LA NACION reconstruyó el estado de las negociaciones a partir de fuentes que participan de las discusiones. Pasada a un Excel, la propuesta con mayor aceptación hasta mediados de la semana pasada contemplaba una reducción mensual del precio del crudo local hasta julio del año próximo. Por ejemplo, el barril del denominado petróleo Medanito, propio de Neuquén, que hoy cuesta US$ 63, debería bajar hasta poco más de US$ 59 en enero próximo, arañaría los US$ 57 en abril y llegaría en el séptimo mes de 2017 hasta los US$ 55. Eso representa más de un 12% menos con respecto a los valores de hoy.
En el caso del Escalante, cuya producción mayor está en Chubut, alcanzaría en julio próximo los US$ 47, un poco menos de un 8% debajo de su valor actual.
Según las condiciones que se manejan en la negociación, el acuerdo será transitorio hasta un mes antes de la vigencia de los valores internacionales, algo que ocurrirá en septiembre del año próximo. Además, si el precio que contempla el acuerdo resulta inferior al internacional en un momento determinado, desde el mes siguiente se aplicarán las referencias internacionales.
También se contemplarán los vaivenes cambiarios locales, por lo que el convenio regirá dentro de una banda de paridad entre el peso y el dólar que aún no se definió (salvo la venta de combustibles, el mercado petrolero está dolarizado en la Argentina).
Esa propuesta no termina de convencer a varios de los actores de la industria. Los más molestos son los dueños del petróleo de Chubut, un lote liderado por Pan American Energy (PAE), de la familia Bulgheroni, la china Cnooc y la británica BP, del que participan también la firma chilena Sipetrol y Tecpetrol, la petrolera del grupo Techint. No lo dirán públicamente, pero creen que la negociación actual las penaliza, dado que contempla al final del camino una diferencia de US$ 10 entre su barril y el neuquino (donde se concentra la producción de YPF). Según sus voceros, la diferencia histórica fue de hasta 6 dólares.
Delante de ellos está el gobernador de la provincia, Mario Das Neves, que está al tanto de las discusiones y criticó públicamente el camino que tomaron. Su molestia tiene explicaciones fiscales: las provincias cobran regalías sobre el precio final de venta de los hidrocarburos, por lo que su reducción implica que recibirán menos recursos de manera inmediata.
Final incierto
Como en todas las grandes negociaciones, difícilmente todos terminen contentos. A la lista de preocupaciones se les suman las refinadoras. La única que no tiene producción propia de petróleo es Shell, al mando de Teófilo Lacroze, sucesor de Aranguren en ese sillón y uno de los más activos en las discusiones. Ocurre que las naftas subieron en el año poco más de 30%. El último incremento fue en mayo.
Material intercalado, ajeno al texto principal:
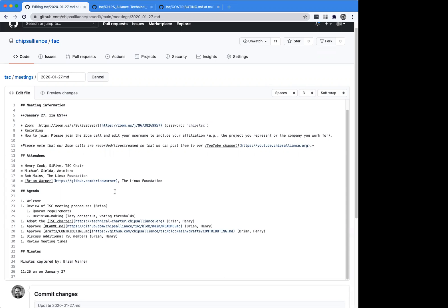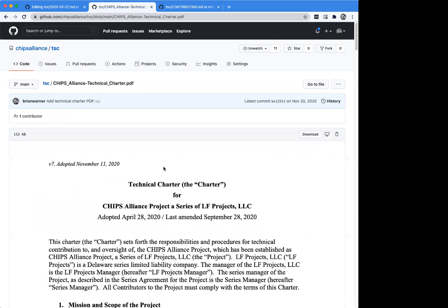That brings us to the next point on the agenda, which is to adopt the TSC charter. You can find a link to it at technical-charter.chipsalliance.org. The history of this is that the governing board and the legal committee for the CHIPS Alliance have been working on the draft and have agreed to recommend that the TSC adopt this as the charter. Currently Henry is the sole TSC member, so it should be pretty straightforward. Before we do that, I'm going to go through what's actually in the charter for anybody who's watching this for the first time.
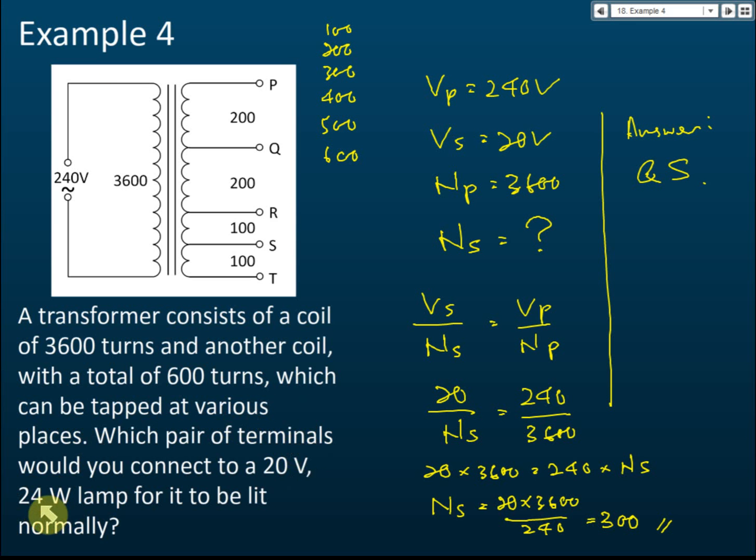24 watts is the normal brightness for the lamp — that's all you need. Note that the wattage is not directly involved in the turns calculation here.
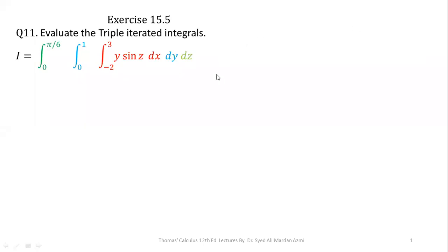Assalamu alaikum. I am Dr. Sayeed Ali Mardanaarmi. Welcome to my channel. In this lecture, we will discuss how we can solve triple integrals, and for this purpose we will learn exercise 15.5, question number 11.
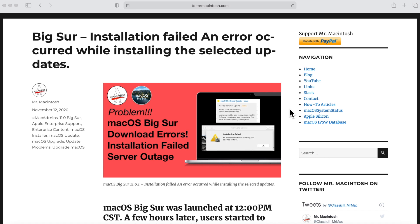where you would get an installation has failed and error has occurred when installing the selected updates. You guys are telling me that you're still getting that error even after Apple fixed the issue. The good news is I've got a quick workaround for you, so let's jump right in and get started.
Pese a que los automovilistas se molestan ante las remarcaciones, esta vez las empresas tienen más motivos para el disgusto, dado que la devaluación, superior al 60% desde diciembre, impactó directamente sobre sus costos, ya que el barril de crudo se paga en dólares y representa en torno del 80% de sus costos. Pese a eso, Aranguren sostuvo la semana pasada que no cree que haya espacio para aumentos de los combustibles este año. Sólo una baja en el barril local de petróleo podría contener los aumentos y volver a recomponer los números de las empresas.
Entre las mayores perjudicadas está YPF. La gestión de la petrolera puso la negociación al tope de la lista de preocupaciones. A los encuentros asisten Gutiérrez y Carlos Alfonsi, uno de los vicepresidentes más importantes, dedicado a la refinación y producción de combustibles. Por el lado de PAE va Marcos Bulgheroni.